Information section start

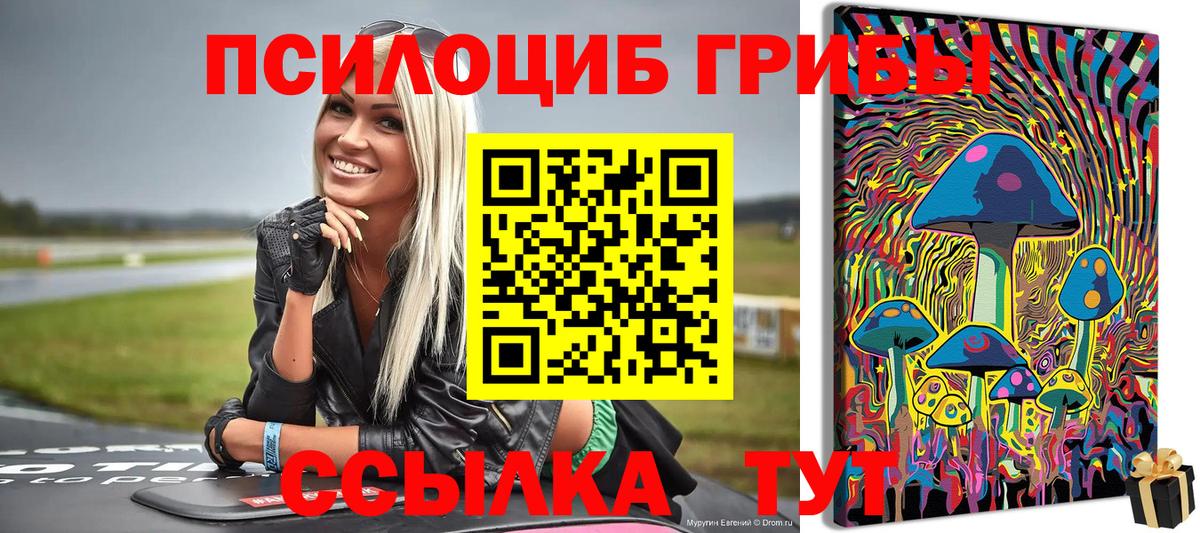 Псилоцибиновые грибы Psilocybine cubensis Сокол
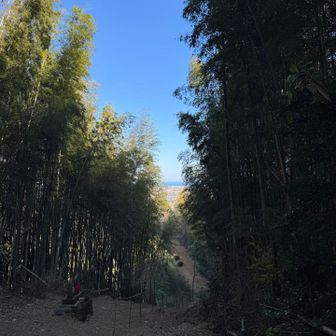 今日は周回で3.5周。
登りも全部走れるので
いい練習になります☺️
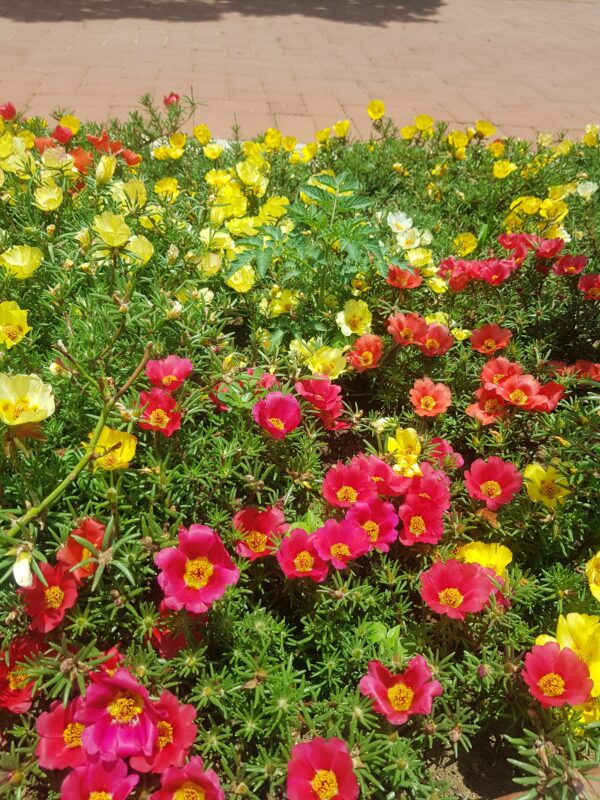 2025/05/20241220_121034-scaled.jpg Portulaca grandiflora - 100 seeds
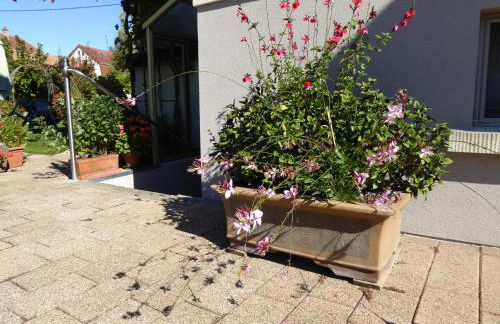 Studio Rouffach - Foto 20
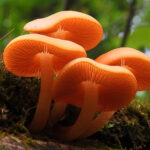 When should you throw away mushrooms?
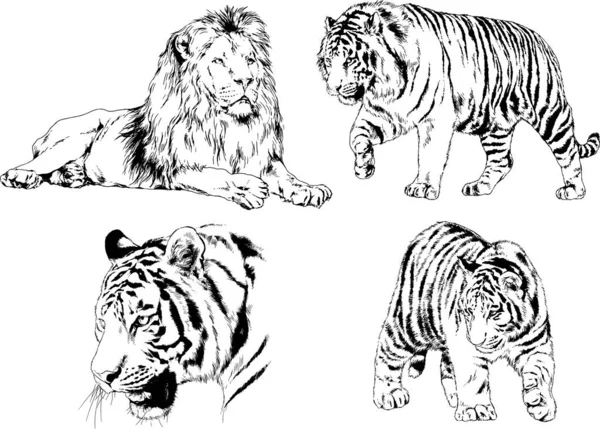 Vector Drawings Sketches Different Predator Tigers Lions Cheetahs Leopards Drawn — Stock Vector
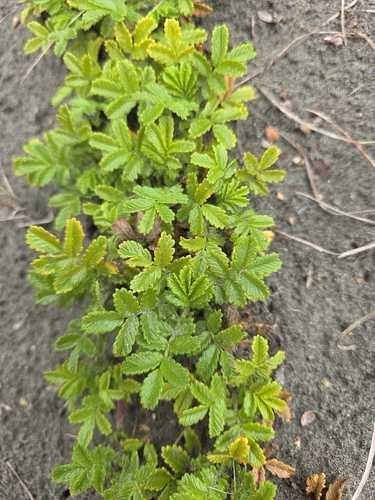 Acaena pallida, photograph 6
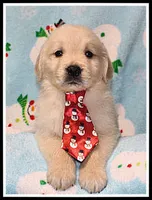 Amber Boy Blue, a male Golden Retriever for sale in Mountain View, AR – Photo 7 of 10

Information section end
Information section start

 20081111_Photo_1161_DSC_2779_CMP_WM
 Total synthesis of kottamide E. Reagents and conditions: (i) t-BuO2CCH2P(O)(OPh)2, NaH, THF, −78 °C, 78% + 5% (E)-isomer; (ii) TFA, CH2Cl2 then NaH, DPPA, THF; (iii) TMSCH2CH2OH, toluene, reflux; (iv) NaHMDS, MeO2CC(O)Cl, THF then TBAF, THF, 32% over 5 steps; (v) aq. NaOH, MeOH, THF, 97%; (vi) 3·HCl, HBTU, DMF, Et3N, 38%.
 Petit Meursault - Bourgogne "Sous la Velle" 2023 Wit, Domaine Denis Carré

Information section end

* Task requirements:
An exact copy is needed. It runs from the line above containing "今日は周回で3.5周。" down to the line containing "Amber Boy Blue, a", both included, with no pictures.

* Exercise output:
 今日は周回で3.5周。
登りも全部走れるので
いい練習になります☺️
 2025/05/20241220_121034-scaled.jpg Portulaca grandiflora - 100 seeds
 Studio Rouffach - Foto 20
 When should you throw away mushrooms?
 Vector Drawings Sketches Different Predator Tigers Lions Cheetahs Leopards Drawn — Stock Vector
 Acaena pallida, photograph 6
 Amber Boy Blue, a male Golden Retriever for sale in Mountain View, AR – Photo 7 of 10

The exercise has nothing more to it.